A quantum phenomenon of colossal scale is unfolding within the cosmos.

For the first time in history, astronomers have detected and observed a quantum phenomenon occurring in nature. This phenomenon occurs when a neutron star is enveloped by such a strong magnetic field that it creates a peculiar region in the universe, a region where matter continuously exists and then naturally vanishes.

Illustration of a neutron star.

Known as vacuum birefringence (birefringence being the phenomenon where light, when passing through certain types of crystals, splits into two rays: ordinary and extraordinary rays), this peculiar occurrence was first predicted in the 1930s but had only been observed on an atomic scale until now. Scientists have now witnessed this phenomenon occurring in nature, and what’s even more astounding is that it contradicts everything envisioned by Newton and Einstein.
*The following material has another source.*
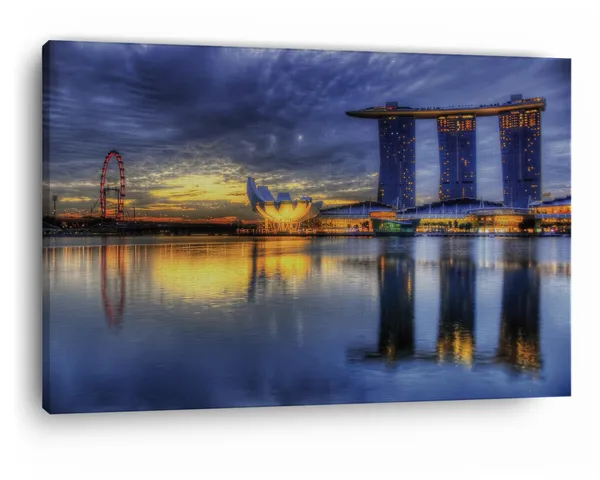 Multicolor_Marina_Bay_Sands_Singapore,_Wooden_Framed_Canvas_Paintings_|_For_Home_Decor_|_Bedroom,_Living_Room,Wall_Decoration_|_Wall_Art_Painting,_Ct0400,_Size_16_X_24_In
“This is a very clear event in the realm of quantum physics, a macroscopic-scale event,” said Jeremy Heyl from the University of British Columbia, who is not part of this research project. “Its clarity is on the scale of an entire neutron star.”

An international team of astronomers, led by Professor Roberto Mignani from Italy, made this discovery while observing the neutron star named RX J1856.5-3754, located 400 light-years away from our Earth.

Neutron stars are the crushed cores of massive stars that “collapse” under their own gravitational force when they run out of energy and explode as supernovae. While their formation and nature are similar to black holes, they lack the mass to become the “cosmic reapers.”

They are composed of one of the densest materials in the universe. Just a teaspoon of this substance would weigh around 1 billion tons if placed on Earth, and its outer layer is harder than steel by a factor of 10 billion.



Neutron Star RX J1856.5-3754.

Furthermore, neutron stars possess one of the strongest magnetic fields in the universe, estimated to be about 100 trillion times stronger than Earth’s.

These magnetic fields are so strong that they can have a significant impact on the surrounding space around a neutron star.

In the fundamental physics we have learned from Newton and Einstein, the space in the universe is considered completely empty, but quantum mechanics, particularly Quantum Electrodynamics (QED) – a quantum theory explaining how light and matter interact with each other – predicts otherwise. It suggests that the universe is filled with continuously appearing and disappearing virtual particles that affect the behavior of photon particles as they travel through space.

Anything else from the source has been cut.